Ingrian’s DataSecure puts locks in a box

Appliance mixes slow setup, fast performance, and strong data security

Ingrian Networks' DataSecure network appliance provides centralized encryption for databases and applications, allowing DBAs to control who can view specific columns of private or sensitive data based on user and group privileges. Administrators choose from a wide range of encryption algorithms, and they flexibly determine who can view, say, Social Security or credit card numbers and who can't.

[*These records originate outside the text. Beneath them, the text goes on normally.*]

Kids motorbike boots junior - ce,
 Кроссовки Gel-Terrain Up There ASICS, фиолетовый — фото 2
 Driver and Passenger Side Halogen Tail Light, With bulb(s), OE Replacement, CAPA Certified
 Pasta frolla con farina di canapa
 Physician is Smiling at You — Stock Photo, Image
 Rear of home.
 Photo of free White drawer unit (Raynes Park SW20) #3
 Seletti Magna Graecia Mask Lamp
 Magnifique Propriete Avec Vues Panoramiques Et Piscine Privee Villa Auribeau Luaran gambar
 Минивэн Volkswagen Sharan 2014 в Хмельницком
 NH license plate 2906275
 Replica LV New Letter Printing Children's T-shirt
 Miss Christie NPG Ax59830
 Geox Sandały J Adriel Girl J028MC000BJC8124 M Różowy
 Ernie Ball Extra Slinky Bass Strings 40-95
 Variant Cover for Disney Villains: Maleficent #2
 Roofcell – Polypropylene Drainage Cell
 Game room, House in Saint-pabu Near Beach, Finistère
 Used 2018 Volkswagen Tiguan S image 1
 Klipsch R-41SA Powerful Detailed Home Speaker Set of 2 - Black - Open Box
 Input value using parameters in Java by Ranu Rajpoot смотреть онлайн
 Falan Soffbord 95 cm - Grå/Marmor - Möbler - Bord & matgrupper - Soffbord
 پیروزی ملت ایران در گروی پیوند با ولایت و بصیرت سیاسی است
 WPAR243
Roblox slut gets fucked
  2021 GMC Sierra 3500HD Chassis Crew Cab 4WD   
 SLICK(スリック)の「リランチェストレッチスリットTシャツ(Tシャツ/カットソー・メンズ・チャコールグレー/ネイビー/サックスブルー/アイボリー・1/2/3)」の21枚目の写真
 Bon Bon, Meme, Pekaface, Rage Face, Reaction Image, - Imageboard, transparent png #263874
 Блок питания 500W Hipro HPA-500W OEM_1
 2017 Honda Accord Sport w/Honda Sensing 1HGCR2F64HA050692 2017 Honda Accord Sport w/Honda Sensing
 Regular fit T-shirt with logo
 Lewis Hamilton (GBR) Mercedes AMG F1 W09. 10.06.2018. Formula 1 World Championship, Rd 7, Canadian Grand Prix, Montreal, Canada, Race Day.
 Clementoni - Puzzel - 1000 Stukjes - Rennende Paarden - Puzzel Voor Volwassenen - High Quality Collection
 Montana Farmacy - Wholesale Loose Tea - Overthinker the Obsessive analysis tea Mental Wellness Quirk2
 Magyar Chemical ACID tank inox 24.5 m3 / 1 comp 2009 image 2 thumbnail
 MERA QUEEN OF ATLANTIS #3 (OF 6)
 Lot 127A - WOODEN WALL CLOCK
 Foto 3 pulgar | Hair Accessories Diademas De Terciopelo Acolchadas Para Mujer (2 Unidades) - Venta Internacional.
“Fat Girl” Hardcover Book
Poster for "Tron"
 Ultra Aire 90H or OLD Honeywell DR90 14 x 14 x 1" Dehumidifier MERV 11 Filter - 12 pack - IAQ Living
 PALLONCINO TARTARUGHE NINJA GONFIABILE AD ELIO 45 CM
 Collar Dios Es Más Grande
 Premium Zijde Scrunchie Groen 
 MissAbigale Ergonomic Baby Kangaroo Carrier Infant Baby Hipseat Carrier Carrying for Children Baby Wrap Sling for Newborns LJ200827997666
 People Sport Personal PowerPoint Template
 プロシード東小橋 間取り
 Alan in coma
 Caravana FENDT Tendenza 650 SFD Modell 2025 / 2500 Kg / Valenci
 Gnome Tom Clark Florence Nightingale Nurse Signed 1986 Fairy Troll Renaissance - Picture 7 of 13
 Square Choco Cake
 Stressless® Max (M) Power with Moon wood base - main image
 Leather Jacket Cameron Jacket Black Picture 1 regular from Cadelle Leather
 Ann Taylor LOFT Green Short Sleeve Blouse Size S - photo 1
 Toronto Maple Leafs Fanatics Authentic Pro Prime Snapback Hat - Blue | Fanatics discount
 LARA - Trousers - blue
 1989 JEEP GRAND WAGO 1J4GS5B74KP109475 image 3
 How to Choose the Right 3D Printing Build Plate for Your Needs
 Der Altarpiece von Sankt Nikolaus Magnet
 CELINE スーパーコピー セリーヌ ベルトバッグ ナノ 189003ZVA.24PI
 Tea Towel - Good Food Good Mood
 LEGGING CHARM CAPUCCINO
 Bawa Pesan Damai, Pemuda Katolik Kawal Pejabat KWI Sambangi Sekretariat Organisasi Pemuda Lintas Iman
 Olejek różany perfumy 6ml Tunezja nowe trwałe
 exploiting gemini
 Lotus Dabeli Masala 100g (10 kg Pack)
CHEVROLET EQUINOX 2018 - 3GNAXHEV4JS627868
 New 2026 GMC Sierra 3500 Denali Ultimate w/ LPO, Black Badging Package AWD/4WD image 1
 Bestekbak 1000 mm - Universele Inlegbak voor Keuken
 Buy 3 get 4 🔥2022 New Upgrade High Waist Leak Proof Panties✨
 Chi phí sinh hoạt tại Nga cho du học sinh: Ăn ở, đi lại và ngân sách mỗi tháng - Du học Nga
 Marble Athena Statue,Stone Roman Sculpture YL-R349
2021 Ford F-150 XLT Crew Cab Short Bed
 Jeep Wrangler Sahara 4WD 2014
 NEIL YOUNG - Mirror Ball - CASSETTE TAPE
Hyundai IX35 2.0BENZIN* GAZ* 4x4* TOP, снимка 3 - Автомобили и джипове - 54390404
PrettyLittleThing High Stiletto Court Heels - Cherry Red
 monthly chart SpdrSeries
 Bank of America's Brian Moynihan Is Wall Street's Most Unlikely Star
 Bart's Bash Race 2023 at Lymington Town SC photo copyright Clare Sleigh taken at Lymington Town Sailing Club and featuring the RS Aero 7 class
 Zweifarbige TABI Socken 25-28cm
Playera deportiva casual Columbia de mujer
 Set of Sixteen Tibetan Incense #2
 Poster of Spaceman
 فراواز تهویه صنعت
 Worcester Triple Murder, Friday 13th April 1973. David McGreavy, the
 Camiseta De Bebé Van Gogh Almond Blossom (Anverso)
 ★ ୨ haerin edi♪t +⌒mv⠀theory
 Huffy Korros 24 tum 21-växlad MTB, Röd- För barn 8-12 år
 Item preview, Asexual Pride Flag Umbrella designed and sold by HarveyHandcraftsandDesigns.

Unlike software encryption solutions for individual databases, such as Application Security's DbEncrypt, DataSecure gives you a single place to manage keys and permissions for multiple data sources, and it offloads encryption processing overhead from your application and database servers. Performance is quite good, however, there is a price to pay for DataSecure's substantial benefits: extra planning and implementation time, plus the additional appliance or two you'll want for load balancing and fail over.

Hard From the Gate

Setting up the DataSecure isn't the easiest task. Nothing in this platform is intuitive, and it takes quite a bit of reading and hand-holding from tech support to understand the idiosyncrasies of implementing the system. Some of the difficulties I experienced resulted from a poor GUI and poor documentation, whereas others had to do with strong security that may be too strong. For example, the appliance holds the administrator password and provides no way to retrieve or reset it. When I misplaced my password I had to exchange the box for another.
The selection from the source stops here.